There’s a cliché I could use, but you know how I feel about clichés. Use them if humanly possible.

I can’t wait.

©Steven Hunley 2013

http://youtu.be/MmDBvrON5-A Behind Blue Eyes

Delta40
08-12-2013, 06:53 PM
What a fantastic story shrouded in multiple journeys! Auntie posted somewhere that writing in the present tense is unfashionable but your piece is an excellent example that challenges such a notion. It's my personal preference and this packs a punch Steve. It goes to the heart of character, setting and good story telling

AuntShecky
08-14-2013, 07:05 PM
Yeah, after reading Damon Runyon, I'm "walking back" the injunction v. the present tense, just a little. The aim is to avoid awkwardness (and pretentiousness.)

Our dear Steven's prose is never pretentious. His descriptions are strictly "subjective" (that word that's tossed around a bit too much), but clear and --as evidence of improving from his "Ur" posts --concise.

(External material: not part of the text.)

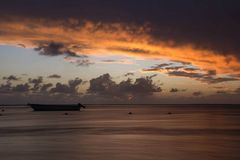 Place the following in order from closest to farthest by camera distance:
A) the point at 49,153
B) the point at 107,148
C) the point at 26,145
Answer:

One thing about the Hunleyan prose is that it is eminently readable. Usually my experience with reading travelogues is that they are almost always boring. . .

Until this one.

Hawkman
08-15-2013, 04:57 AM
I'm afraid I'm less impressed than your other fans, Steven. For me, reading this was a bit like being buttonholed in a pub by "The life and Soul of the Party" who is actually the bar bore. The meat of the story should be in the photos and the stories behind them, but you short change us here and keep cutting away, padding out the tale with irrelevant observations of people and the streets the bus is passing. The overall effect is a barrage, from which I, as the reader, wish to take shelter. There is no pause in the narrative, no interaction with anyone, just a stream of consciousness tirade from a personality which is trying to convince itself that it's worth a damn. Maybe I'm just not hip to the modern sensibilities, but there isn't much story here. We aren't told how the narrator lost it all, which would be interesting, just that he has and that he thinks that by posting on facebook he'll get back to the top of the heap, which in itself sounds pretty delusional.

Not my thing, I'm afraid.

Live and be well - H

Steven Hunley
12-31-2017, 10:46 PM
I object! And he is definitely delusional. The woman mentioned is the woman in the story called Mary. Stream of Consciousness or Scream of Consciousness, I can't decide which. Just another bus story.

kiz_paws
01-03-2018, 09:25 AM
I loved this tale.
I thought that it was well written and I was absorbed in it.